To address one point of possible confusion up front, the Final Fantasy series has become somewhat confused outside of Japan due to Square’s decision in 1991 to renumber certain games for international release. Final Fantasy II, III and V were not initially released outside of Japan, so Square renumbered the Japanese Final Fantasy IV to become Final Fantasy II, and Final Fantasy VI became Final Fantasy III. The version of Final Fantasy III that Square Enix has released for the iPhone and iPod touch is based upon the original 8-bit Famicom game Final Fantasy III. Square Enix has made aesthetic improvements for improved portable game hardware, and deepened the story a little, but otherwise retained the original game’s plot and gameplay elements.
As with the prior two installments in the series, Final Fantasy III is a classic RPG where the player guides a party of four characters on a quest to save their world. The four characters are given unique appearances, as well as background stories that were first introduced in the Nintendo DS remake rather than present in the original release of the game. An opening storyline and initial quests introduce the main character Luneth, after which the player must explore nearby towns and villages to locate the other characters that will eventually form the party.
As each player character is encountered, a brief background story is displayed and the player is given the opportunity to either accept the default character’s name or enter their own name for the character. Data entry screens such as this now call up the standard iOS keyboard rather than trying to create their own text entry screen.
Final Fantasy III returns to the class and experience system of the original game rather than the more open-ended skill-building system that was introduced in Final Fantasy II. Specifically, Final Fantasy III introduces the “job” system that eventually became standard in the series, with characters being assigned to changeable “jobs” rather than permanent character classes, and the ability to advance job-specific skill points and change jobs. The iOS version follows the Nintendo DS remake in balancing the job classes and eliminating the capacity point system that was used for switching jobs in the original version. All characters begin as “Freelancers”—well-rounded jobs with broad but limited skills—and are eventually given the chance to choose more specific jobs.

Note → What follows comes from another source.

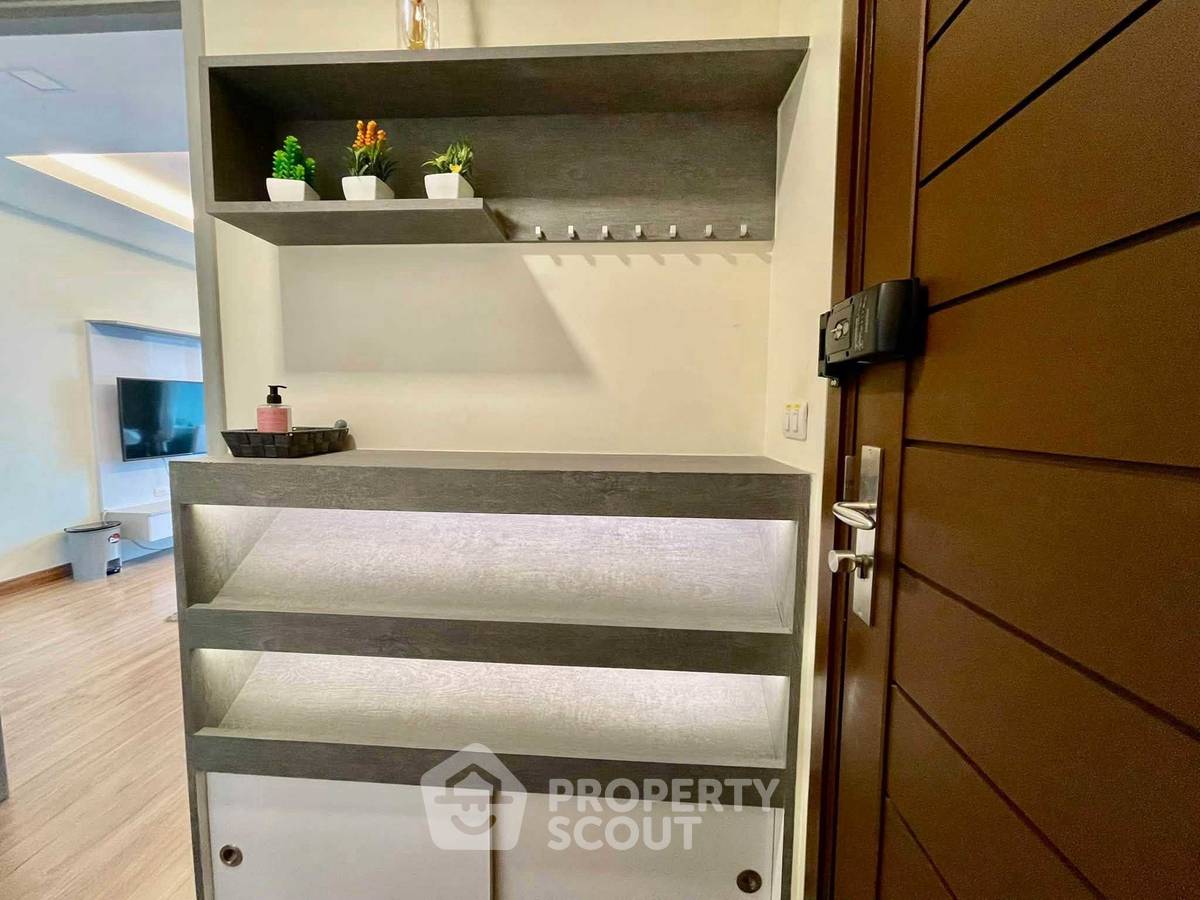 รูป คอนโดสองห้องนอนชั้นยี่สิบสี่ Thru Thonglor ย่านบางกะปิ (ID 3279176) - รูปที่ 10/18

The character classes Warrior, Thief, Monk, Red Mage, White Mage and Black Mage make a return here from Final Fantasy I as initial choices, with a whole new set of more specialized jobs becoming available later in the game: Geomancer, Dragoon, Scholar, Ranger, Viking, and Evoker, amongst others. Many jobs in Final Fantasy III also provide unique skills; a thief can pick locks and steal during combat, an evoker can summon monsters into battle and a viking can wield large offensive weapons. Upon choosing jobs for your characters, they will don attire appropriate to each job and after that will be more limited than a Freelancer in the types of items they can equip or magic spells they can learn, but will be able to advance to much higher skill levels in their respective areas. The addition of the job system provides for a lot more flexibility and experimentation, allowing characters to change jobs when another role may seem more appropriate, and also promoting replay value whereby players can try parties of differing compositions. Although many players will still be tempted to simply build their parties using the classic warrior-monk-mage combinations, there’s a lot more to explore by trying out some of the new job classes, and although there are penalties to discourage you from switching jobs too often, you’re not required to commit to only one set of job classes.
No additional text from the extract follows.